Illustration by Leo Walton
Collapsing in a post-sex haze of happy hormones, cuddles and (let’s face it) probably a sweaty mess, is supposed to be a moment to savour, to relish in. Privately. What is not supposed to happen is hearing Lonely Island’s ‘I Just Had Sex’ playing loudly through your door accompanied by footsteps thumping on the stairs and a fair amount of giggling. Moment ruined. Thanks ‘friends.’
I’ve been flatting for about five years now with a variety of housemates and their colourful sex lives. Some you get to learn about more than others - perhaps more than you ever wanted to. With this plethora of experience in mind, I feel qualified to offer you my advice to dealing with sex in a shared living situation.

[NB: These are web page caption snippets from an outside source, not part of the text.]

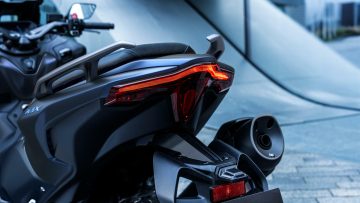 Yamaha Tmax 2023 21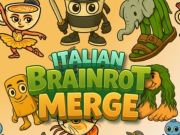 Hra Italské fúze Braynrot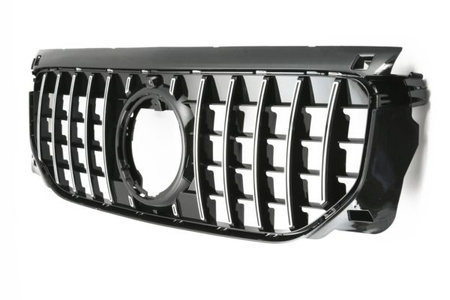 GRILL MERCEDES X247 GLB 2023- PANAMERICANA FACELIF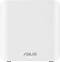  Wi-Fi 7 Mesh  ASUS ZenWiFi BD4 - 2.4 GHz (688 Mbps), 5 GHz (2882 Mbps) - 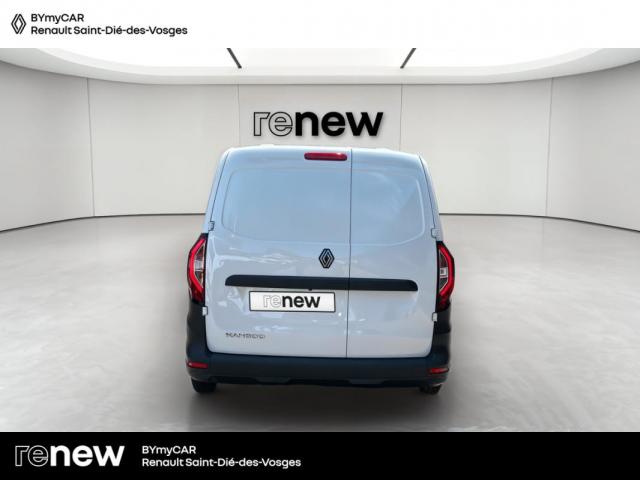 Renault Kangoo Van image 2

When you want to ignore it:
Creaking beds, grunting, moaning, a weird kind of wet slapping – dear god make it stop. I’m sure most of us are well versed in burying our heads in the pillow like prudish ostriches. Surely there are better ways to avoid hearing just how much fun your flatmates are having. Especially when you’re not.
Basic – Headphones are your friend. Listen to music, podcasts, stick on a movie or have a very loud phone conversation to both distract yourself and drown out the amorous ruckus next door.
Basic – Just leave the house. Easier in the day, much harder in the middle of the night in your pjs.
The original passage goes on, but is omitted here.